Neural directional distance field object representation for uni-directional path-traced rendering

TL;DR

This paper introduces neural directed distance fields as a new object representation to accelerate path-traced rendering, enabling faster scene queries and rendering without altering existing algorithms.

Contribution

It presents a novel neural representation of objects using directed distance functions and integrates it into path-tracing for improved rendering efficiency.

Findings

Neural directed distance fields effectively represent scene objects.

The approach reduces rendering time for complex scenes.
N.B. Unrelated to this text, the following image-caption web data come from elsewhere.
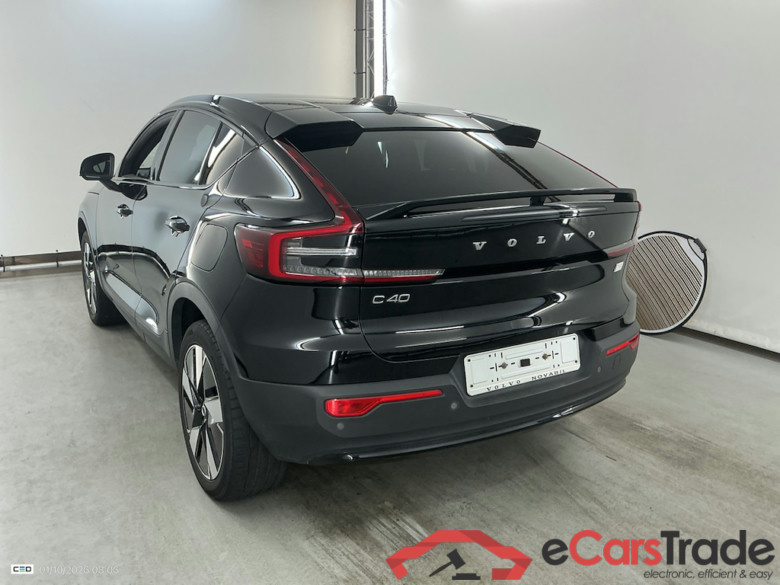 VOLVO C40 BEV 78KWH RECHARGE TWIN PLUS #3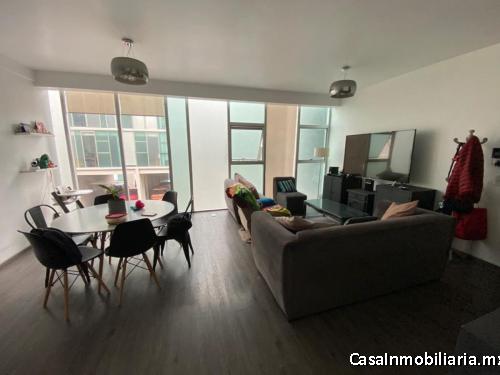 Departamento en Cima Esmeralda Venta o Renta 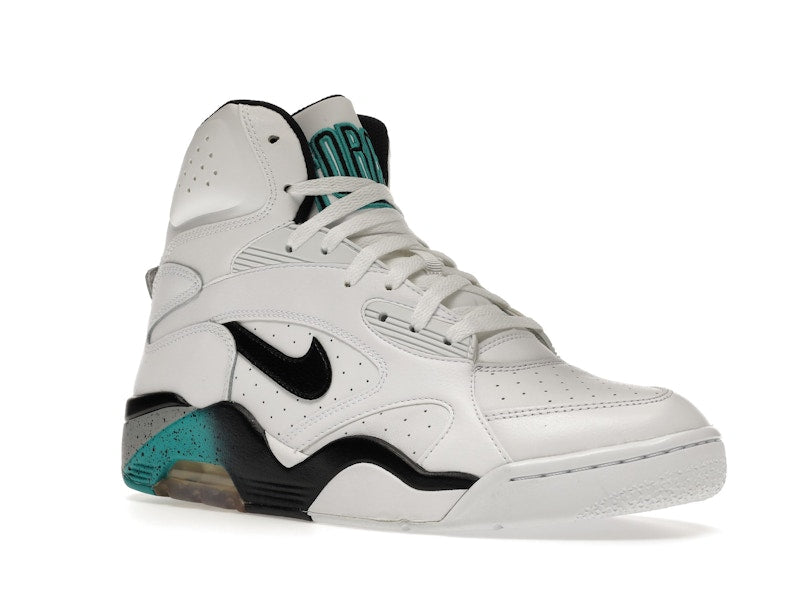 Nike Air Force 180 Blue Emerald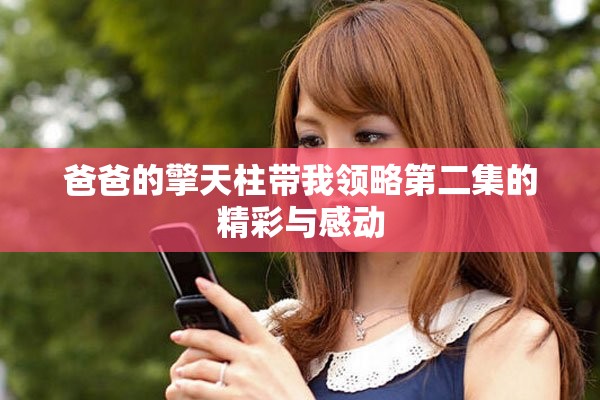 爸爸的擎天柱带我领略第二集的精彩与感动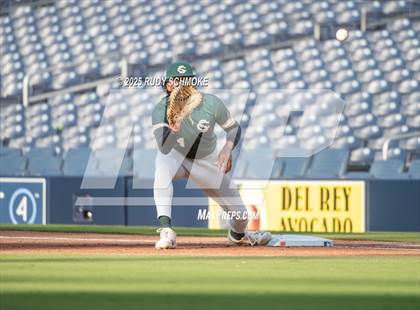 Thumbnail 3 in CIF SDS Padres High School All-Star Game photogallery.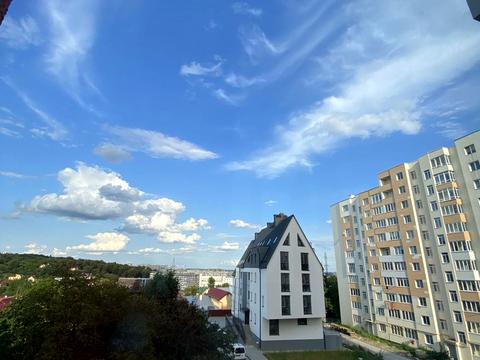 квартира за адресою Кругла вул., 15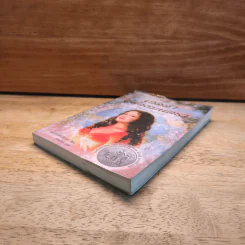 เอลล่าผู้ต้องมนตรา Ella Enchanted - เกล คาร์สัน รูปที่ 3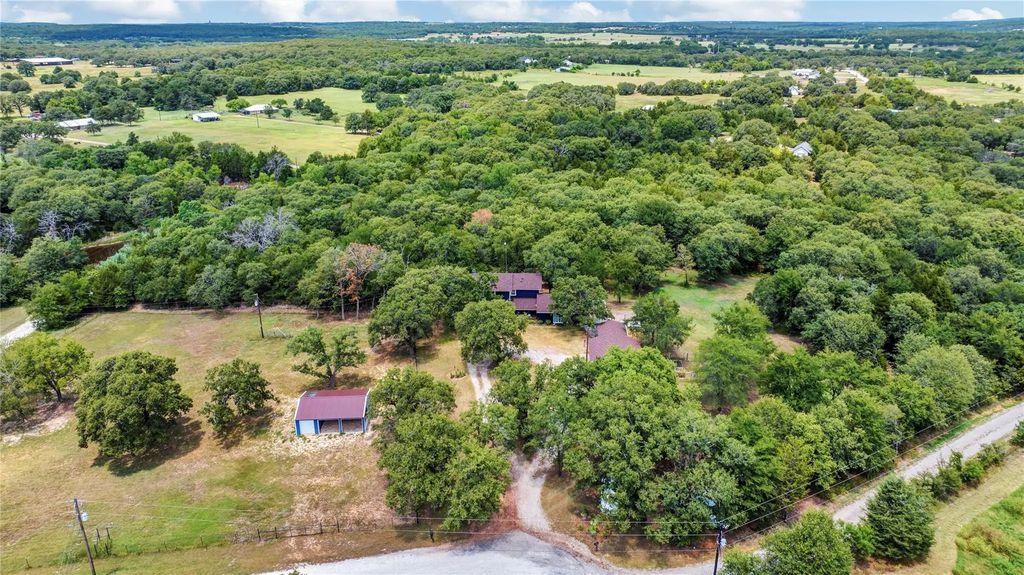 717 Woodbine Estates Road, Gainesville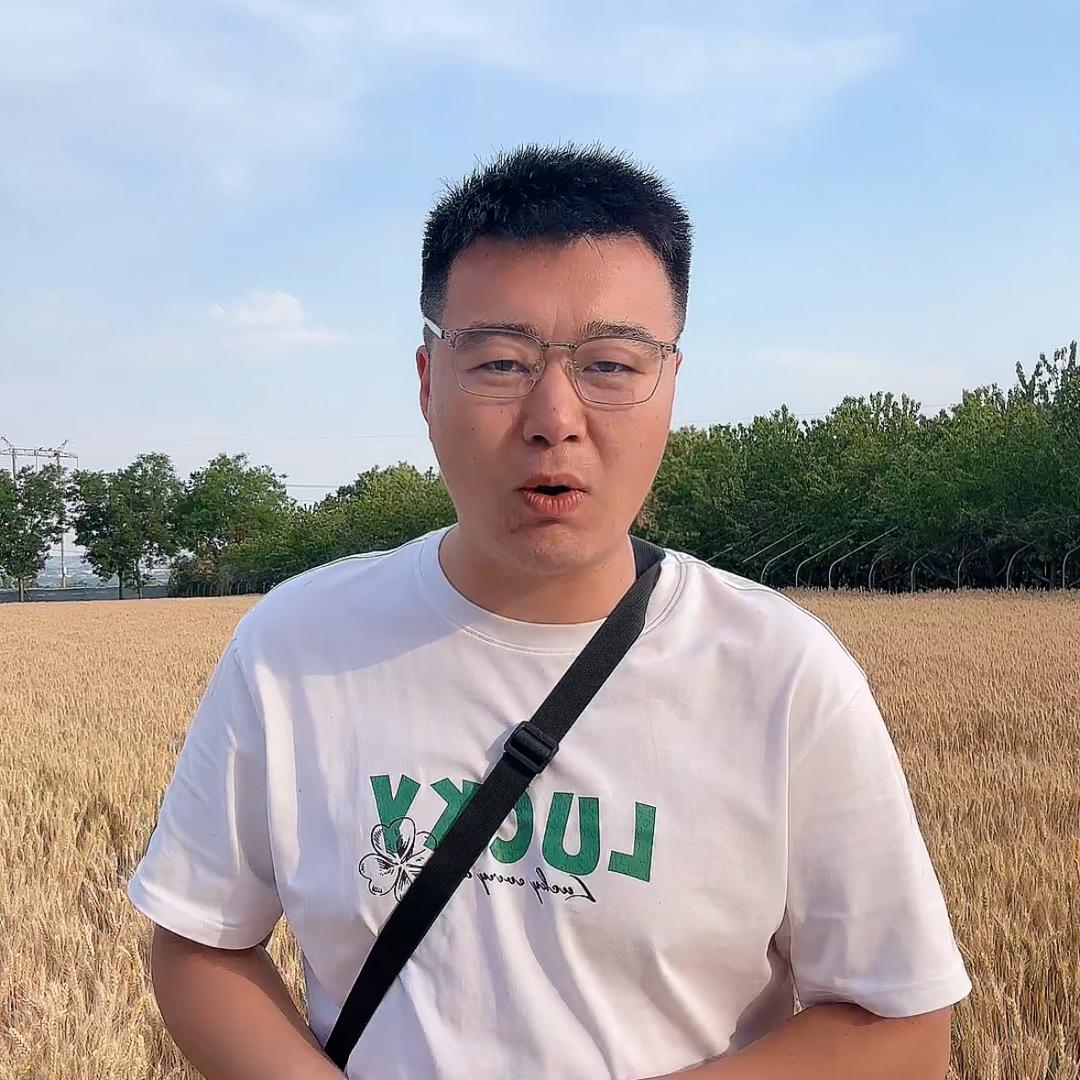 会民说农业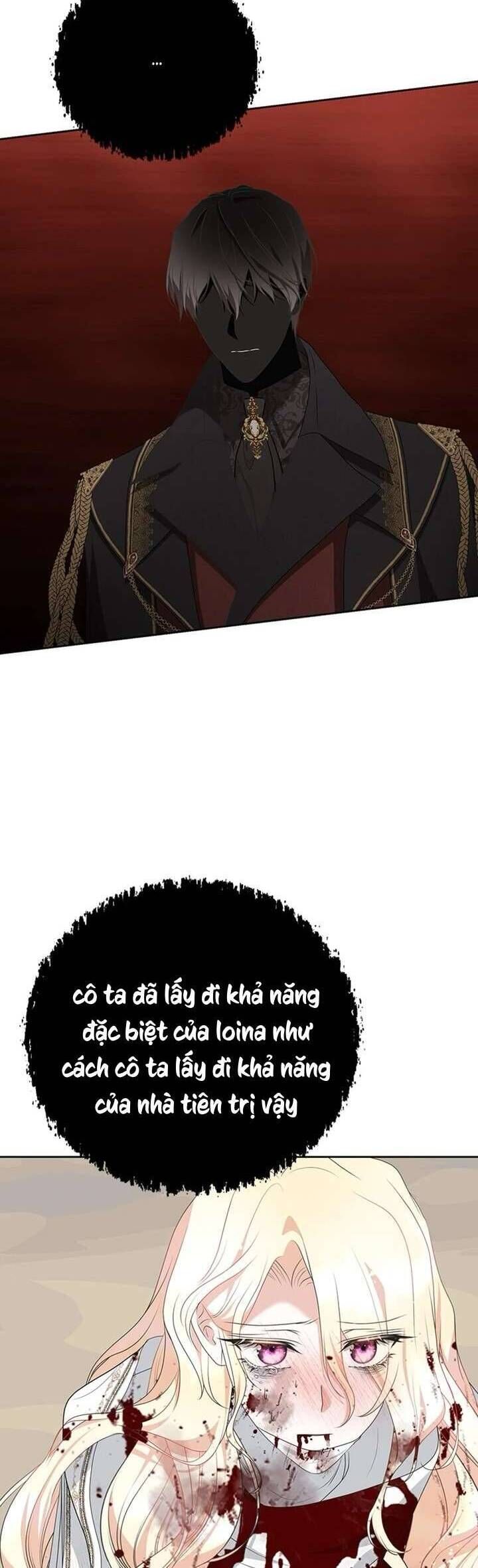 Nhân Vật Tôi Xuyên Vào, Chưa Từng Xuất Hiện Chapter 93 - 29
Compatible with existing path-tracing algorithms.

Abstract

Faster rendering of synthetic images is a core problem in the field of computer graphics. Rendering algorithms, such as path-tracing is dependent on parameters like size of the image, number of light bounces, number of samples per pixel, all of which, are fixed if one wants to obtain a image of a desired quality. It is also dependent on the size and complexity of the scene being rendered. One of the largest bottleneck in rendering, particularly when the scene is very large, is querying for objects in the path of a given ray in the scene. By changing the data type that represents the objects in the scene, one may reduce render time, however, a different representation of a scene requires the modification of the rendering algorithm. In this paper, (a) we introduce directed distance field, as a functional representation of a object; (b) how the directed distance functions, when stored as a neural network, be optimized and; (c) how such an object can be rendered with a modified path-tracing algorithm.